Data extracted from a collection

-- Opening Marker --

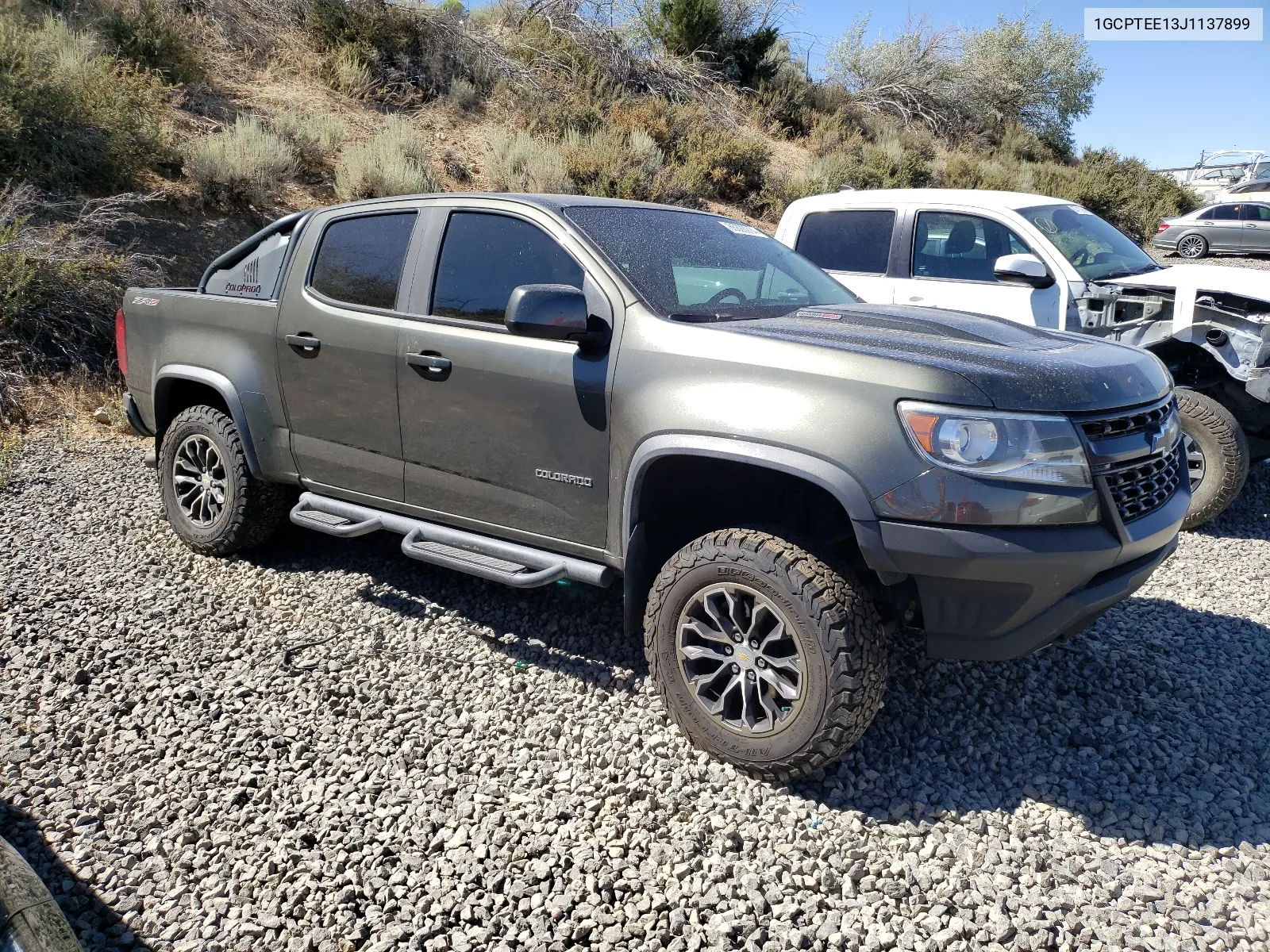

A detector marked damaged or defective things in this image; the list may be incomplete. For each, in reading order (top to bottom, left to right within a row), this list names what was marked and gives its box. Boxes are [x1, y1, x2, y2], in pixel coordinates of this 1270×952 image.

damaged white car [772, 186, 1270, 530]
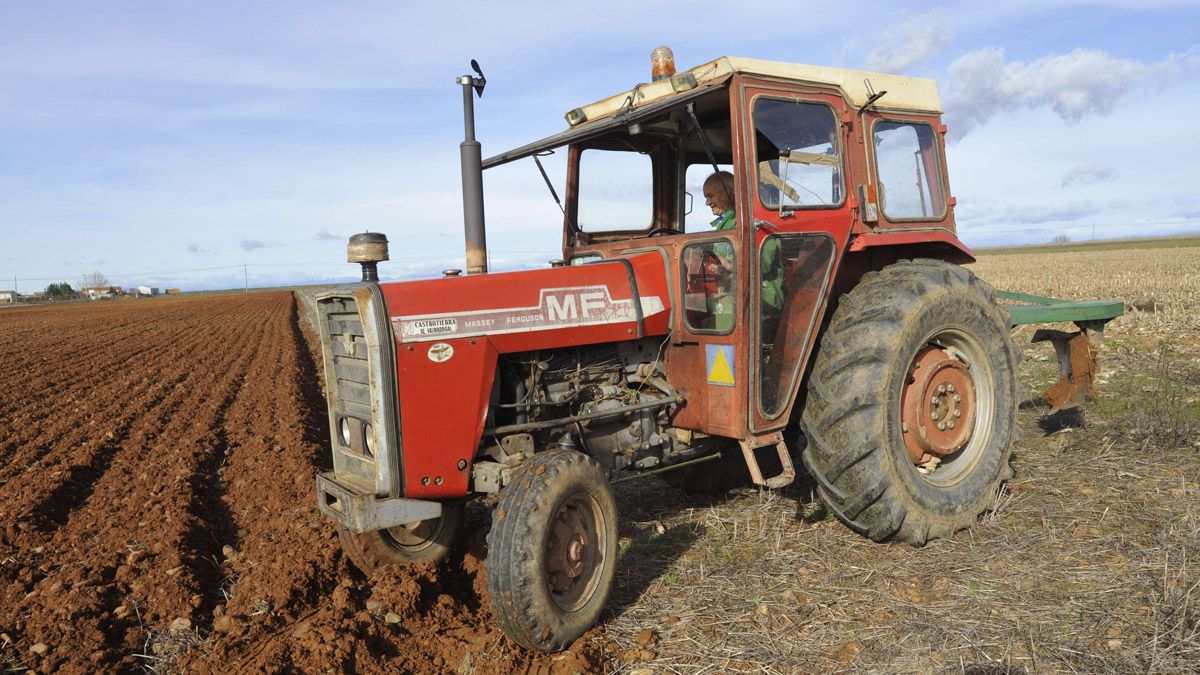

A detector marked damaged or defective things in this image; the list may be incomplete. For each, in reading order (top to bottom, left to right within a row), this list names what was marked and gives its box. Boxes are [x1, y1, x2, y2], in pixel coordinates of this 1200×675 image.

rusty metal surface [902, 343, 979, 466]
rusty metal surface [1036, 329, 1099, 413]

-- Closing Marker --

# [PROBLEM DESCRIPTION]
Each entry is to be transcribed verbatim, and any picture in it is to be skipped.

# [EXERCISE OUTPUT]
A detector marked damaged or defective things in this image; the list may be incomplete. For each, in reading order (top to bottom, left to right within a row), this list names what was marked and gives its box. Boxes are [x1, y1, x2, y2], in pixel coordinates of this 1270×952 image.

damaged white car [772, 186, 1270, 530]

A detector marked damaged or defective things in this image; the list may be incomplete. For each, in reading order (top to bottom, left to right within a row), this list names what was marked and gives its box. Boxes are [x1, y1, x2, y2], in pixel coordinates of this 1200×675 image.

rusty metal surface [902, 343, 979, 466]
rusty metal surface [1036, 329, 1099, 413]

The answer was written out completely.